### Work order
Give the lines below again, exactly as they stand, and leave out the images.

### Material provided

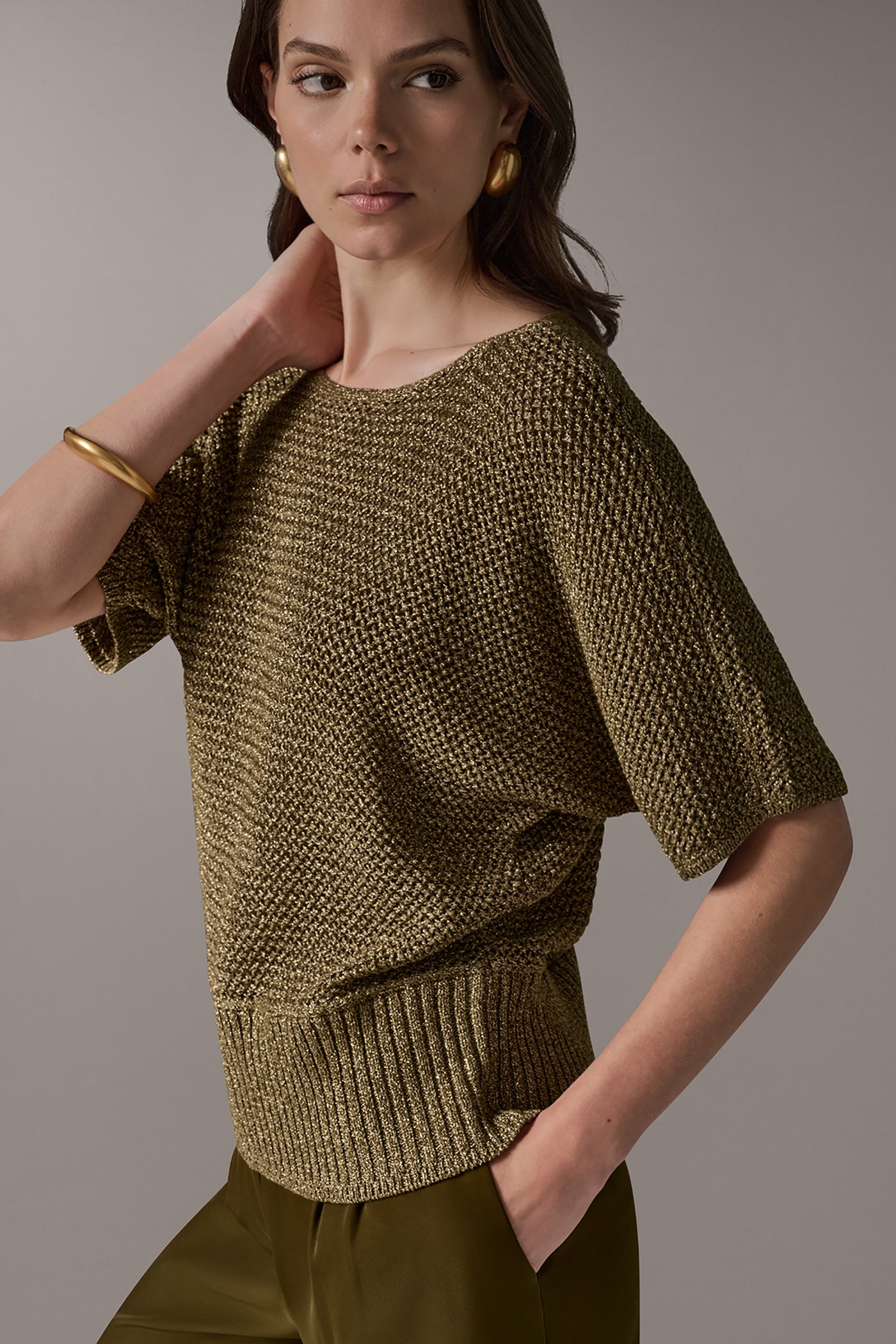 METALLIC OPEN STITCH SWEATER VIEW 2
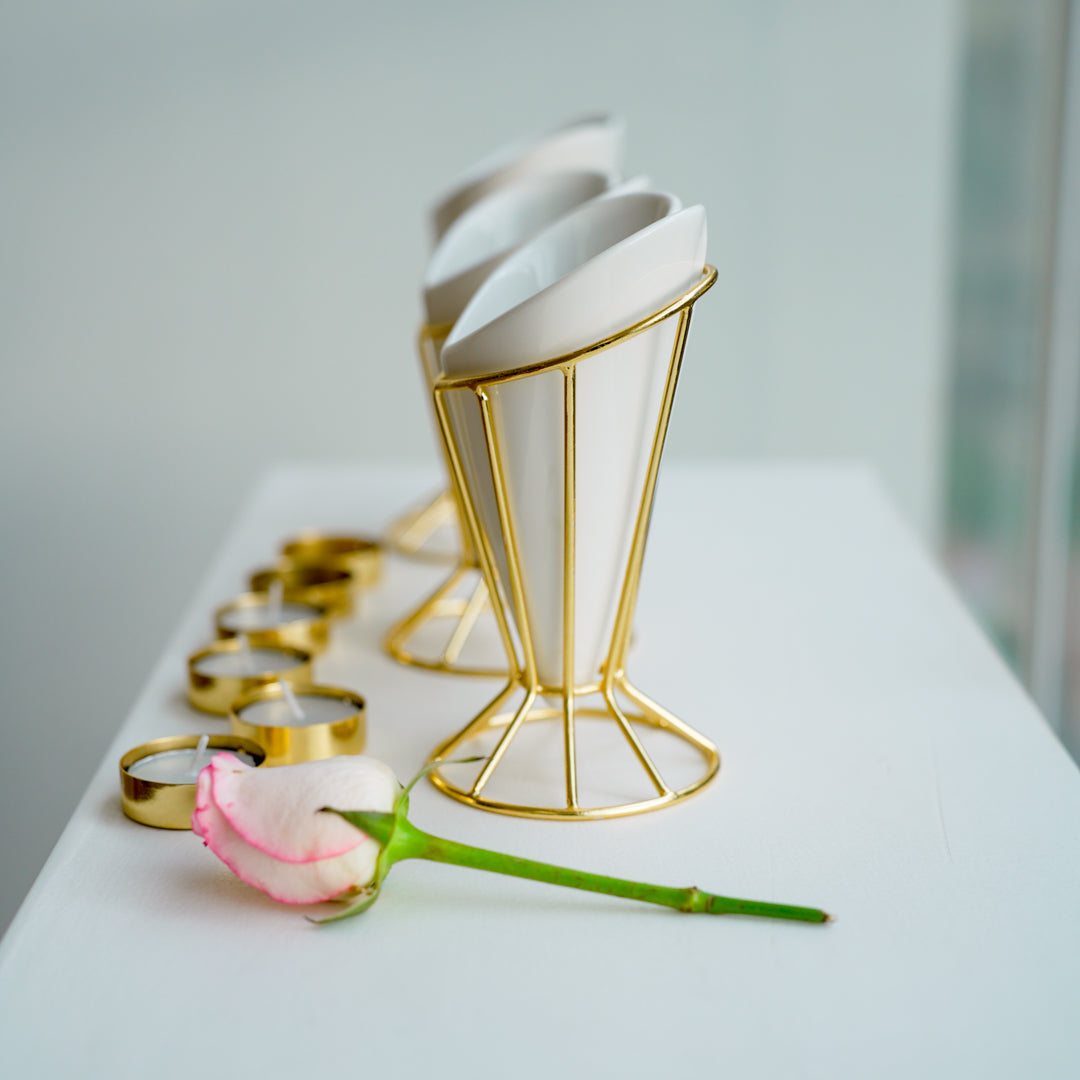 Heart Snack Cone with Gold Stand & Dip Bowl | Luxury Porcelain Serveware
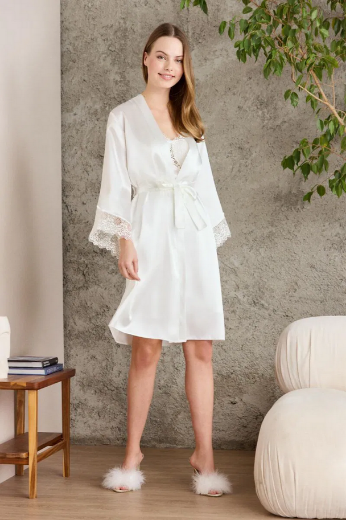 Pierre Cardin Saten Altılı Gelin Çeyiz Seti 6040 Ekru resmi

### Answer to the exercise
 METALLIC OPEN STITCH SWEATER VIEW 2
 Heart Snack Cone with Gold Stand & Dip Bowl | Luxury Porcelain Serveware
 Pierre Cardin Saten Altılı Gelin Çeyiz Seti 6040 Ekru resmi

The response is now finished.